"Mobile Applications Security Testing (iPhone/iPad, Android, J2ME) - Approach, Methodology and Demonstrations"

Suhas Desai, Senior Consultant, Aujas Networks

Introduction

The purpose of this tutorial is to focus on trends in mobile applications security, risks in mobile applications, the need for mobile applications security testing, approach / methodology and demonstrations for iPhone/iPad, Android and J2ME mobile applications security assessment. This tutorial will also focus on best practices to mitigate these risks.

Wide acceptance of mobile technology is a leading security concern as well. Mobile applications work on various communications channels – SMS, USSD and IP based communications. In recent times, major security flaws in these communications channels, applications design, database storage, cryptography and implementation errors have become a prime concern for service providers.

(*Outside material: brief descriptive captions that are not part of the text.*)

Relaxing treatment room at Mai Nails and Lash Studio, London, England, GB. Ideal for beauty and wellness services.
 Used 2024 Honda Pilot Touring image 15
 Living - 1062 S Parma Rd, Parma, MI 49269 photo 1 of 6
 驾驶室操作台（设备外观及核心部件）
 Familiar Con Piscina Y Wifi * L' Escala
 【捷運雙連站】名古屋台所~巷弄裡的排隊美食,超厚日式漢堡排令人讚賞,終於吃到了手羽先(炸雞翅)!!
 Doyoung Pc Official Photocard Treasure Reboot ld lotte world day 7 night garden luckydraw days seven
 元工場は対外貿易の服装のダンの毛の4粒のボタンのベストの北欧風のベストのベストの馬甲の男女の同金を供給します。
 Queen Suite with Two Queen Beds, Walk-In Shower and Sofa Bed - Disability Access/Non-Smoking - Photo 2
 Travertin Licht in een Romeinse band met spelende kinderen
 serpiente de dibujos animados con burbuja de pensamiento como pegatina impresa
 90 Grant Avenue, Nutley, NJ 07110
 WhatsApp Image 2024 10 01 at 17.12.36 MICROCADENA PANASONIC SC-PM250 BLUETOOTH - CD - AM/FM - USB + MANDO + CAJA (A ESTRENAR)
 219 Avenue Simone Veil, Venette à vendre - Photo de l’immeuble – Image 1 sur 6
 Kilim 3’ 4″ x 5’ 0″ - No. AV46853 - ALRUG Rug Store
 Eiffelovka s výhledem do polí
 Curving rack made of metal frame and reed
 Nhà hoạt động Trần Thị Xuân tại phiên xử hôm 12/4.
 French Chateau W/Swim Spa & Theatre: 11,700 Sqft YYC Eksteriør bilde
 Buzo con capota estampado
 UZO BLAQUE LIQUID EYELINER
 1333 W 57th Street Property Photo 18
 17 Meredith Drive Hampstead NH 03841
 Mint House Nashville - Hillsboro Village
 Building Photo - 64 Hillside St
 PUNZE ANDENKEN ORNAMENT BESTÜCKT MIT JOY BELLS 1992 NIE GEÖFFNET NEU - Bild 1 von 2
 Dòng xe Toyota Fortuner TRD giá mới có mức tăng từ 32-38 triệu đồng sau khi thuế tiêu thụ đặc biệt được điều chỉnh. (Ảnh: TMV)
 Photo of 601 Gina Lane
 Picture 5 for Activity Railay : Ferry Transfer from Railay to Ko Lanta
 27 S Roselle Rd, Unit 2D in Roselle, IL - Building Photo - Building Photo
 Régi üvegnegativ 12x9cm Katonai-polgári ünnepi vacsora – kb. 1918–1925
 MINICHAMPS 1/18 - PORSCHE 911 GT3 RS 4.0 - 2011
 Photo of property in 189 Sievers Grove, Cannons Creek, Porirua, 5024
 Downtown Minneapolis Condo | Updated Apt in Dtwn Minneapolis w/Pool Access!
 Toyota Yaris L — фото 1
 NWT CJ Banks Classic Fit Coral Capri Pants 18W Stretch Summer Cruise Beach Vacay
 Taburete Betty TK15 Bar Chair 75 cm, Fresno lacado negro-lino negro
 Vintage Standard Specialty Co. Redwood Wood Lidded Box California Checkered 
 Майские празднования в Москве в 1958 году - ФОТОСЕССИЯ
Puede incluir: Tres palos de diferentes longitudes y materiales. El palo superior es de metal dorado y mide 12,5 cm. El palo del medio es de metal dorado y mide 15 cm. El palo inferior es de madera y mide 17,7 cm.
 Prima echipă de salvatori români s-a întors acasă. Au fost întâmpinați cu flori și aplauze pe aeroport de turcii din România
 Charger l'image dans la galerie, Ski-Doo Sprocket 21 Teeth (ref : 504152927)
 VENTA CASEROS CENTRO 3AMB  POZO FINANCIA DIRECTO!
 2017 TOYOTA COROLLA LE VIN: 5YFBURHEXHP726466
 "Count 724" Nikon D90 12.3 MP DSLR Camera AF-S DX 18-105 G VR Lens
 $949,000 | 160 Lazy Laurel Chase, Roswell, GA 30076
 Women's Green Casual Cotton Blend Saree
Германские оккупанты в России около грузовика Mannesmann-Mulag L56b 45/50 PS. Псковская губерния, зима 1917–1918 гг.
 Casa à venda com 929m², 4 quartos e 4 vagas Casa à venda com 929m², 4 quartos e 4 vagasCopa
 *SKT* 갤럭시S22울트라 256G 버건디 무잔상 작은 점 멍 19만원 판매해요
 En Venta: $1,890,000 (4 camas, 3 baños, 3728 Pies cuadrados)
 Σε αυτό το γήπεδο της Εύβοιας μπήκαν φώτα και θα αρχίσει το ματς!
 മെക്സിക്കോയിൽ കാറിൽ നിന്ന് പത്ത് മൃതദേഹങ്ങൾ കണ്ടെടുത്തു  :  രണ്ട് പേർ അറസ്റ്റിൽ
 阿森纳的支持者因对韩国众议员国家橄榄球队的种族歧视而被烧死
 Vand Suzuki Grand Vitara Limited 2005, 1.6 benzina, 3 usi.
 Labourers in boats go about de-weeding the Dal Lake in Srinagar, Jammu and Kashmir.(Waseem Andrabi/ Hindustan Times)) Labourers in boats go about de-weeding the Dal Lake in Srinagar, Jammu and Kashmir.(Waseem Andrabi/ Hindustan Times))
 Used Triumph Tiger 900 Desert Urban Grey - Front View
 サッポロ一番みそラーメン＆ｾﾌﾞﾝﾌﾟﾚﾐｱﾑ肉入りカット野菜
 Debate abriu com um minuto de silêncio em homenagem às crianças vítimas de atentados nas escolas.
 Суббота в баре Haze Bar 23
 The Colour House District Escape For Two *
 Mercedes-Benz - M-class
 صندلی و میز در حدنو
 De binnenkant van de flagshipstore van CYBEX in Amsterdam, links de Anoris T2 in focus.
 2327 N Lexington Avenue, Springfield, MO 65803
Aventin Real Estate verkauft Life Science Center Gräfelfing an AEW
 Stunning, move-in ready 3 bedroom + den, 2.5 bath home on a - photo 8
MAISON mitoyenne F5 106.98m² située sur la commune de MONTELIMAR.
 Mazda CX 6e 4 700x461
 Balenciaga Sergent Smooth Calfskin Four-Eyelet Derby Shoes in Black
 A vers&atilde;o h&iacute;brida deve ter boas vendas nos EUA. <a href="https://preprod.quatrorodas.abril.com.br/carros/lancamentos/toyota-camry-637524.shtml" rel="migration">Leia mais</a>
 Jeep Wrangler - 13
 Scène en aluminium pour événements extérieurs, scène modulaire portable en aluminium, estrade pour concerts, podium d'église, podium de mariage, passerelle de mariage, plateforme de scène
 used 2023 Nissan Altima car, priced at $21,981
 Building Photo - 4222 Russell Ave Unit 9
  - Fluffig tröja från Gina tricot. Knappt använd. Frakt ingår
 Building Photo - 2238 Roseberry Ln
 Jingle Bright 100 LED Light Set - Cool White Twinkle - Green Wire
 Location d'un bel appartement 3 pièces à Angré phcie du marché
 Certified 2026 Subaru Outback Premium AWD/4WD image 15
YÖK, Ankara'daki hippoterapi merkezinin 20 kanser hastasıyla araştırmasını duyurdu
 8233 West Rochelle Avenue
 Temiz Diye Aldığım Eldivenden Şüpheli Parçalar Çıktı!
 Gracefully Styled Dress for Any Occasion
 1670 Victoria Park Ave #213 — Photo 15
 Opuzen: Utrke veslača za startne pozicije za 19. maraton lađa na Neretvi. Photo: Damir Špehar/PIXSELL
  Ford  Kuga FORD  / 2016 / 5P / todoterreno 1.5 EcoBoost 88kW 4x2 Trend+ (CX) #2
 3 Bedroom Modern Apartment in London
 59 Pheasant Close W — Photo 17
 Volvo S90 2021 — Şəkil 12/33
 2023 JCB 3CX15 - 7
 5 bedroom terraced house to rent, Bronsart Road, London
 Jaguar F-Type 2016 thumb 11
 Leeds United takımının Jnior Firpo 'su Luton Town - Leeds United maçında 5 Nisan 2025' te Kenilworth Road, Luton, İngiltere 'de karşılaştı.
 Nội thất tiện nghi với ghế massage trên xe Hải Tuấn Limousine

Some critical threats like fraudulent transactions, request/response manipulations, weak encryption and insecure message communications directly affect revenue loss to mobile applications service providers. This is motivating companies to look at mobile applications security very seriously.

In this tutorial, detailed discussions and demonstrations for critical mobile applications (iPhone/iPad, Android and J2ME) security assessment will be carried out.

Intended Audience

This session is beneficial for an intermediate level technical audience in mobility; mobile applications architects, security professionals, application designers, developers and testing professionals.

Key takeaways

  • In depth discussions and demonstrations of major security tests on iPhone/iPad, android and J2ME applications will help the technical audience learn how to assess these mobile applications and mitigate the risks.

  • The focus on mobile applications’ security best practices, mitigation approaches and methodologies for critical risks will be helpful in enhancing security in mobile applications.

Content Flow

  • Trends in Mobile Applications Security
  • Risks in mobile applications
  • Why Mobile Application Security?
  • Security Assessment Approach and Methodology
  • Demonstrations
    • J2ME Application Security Test
    • Android Application Security Test
    • iPhone/iPad Application Security Test 
  • Mobile app development: Differences from traditional approach
  • Best practices to secure Mobile Apps
  • case Studies:
    • Securing Enterprise Mobile Applications
    • Securing Mobile Payment Applications

 

Speaker's Profile

Suhas Desai, Senior Consultant, Aujas Networks

Suhas Desai is a distinguished Senior Consultant at Aujas Networks. At Aujas, he handles Mobile Security Services. He is responsible for the growth of Mobile Security Services. His extensive experience in Mobile Technology spreads across iApps Security, Mobile PKI, Mobile Apps (iPhone/iPad, Android and J2ME), USSD / DSTK Apps, Mobile VAS, SIM card and Mobile Payment’s Security services. Prior to joining Aujas Networks, he worked with Tech Mahindra.

A frequent speaker at prominent industry and customer forums, Suhas has been on technical advisory committees for prestigious National and International conferences. He has delivered over 350 conference talks on software & mobile security across the globe including OSSPAC’09, Singapore; INTEROP 2009, Mumbai; STeP-IN 2010 Bangalore; MOSC 2010, Kuala Lumpur; OSBizConference 2010, Malaysia; ‘Mobile VAS in Growth Markets summit’, 2010, Dubai; ClubHack 2009, Pune; c0c0n 2010, Cochin and ‘4th Mobile Commerce Summit ASIA’, 2011, Kuala Lumpur.

He is the proud author of several research papers for reputed journals and magazines in Security, RFID and the Image Processing domain. He also contributes features for Linux for You, Linux+ and Linux Journal magazines.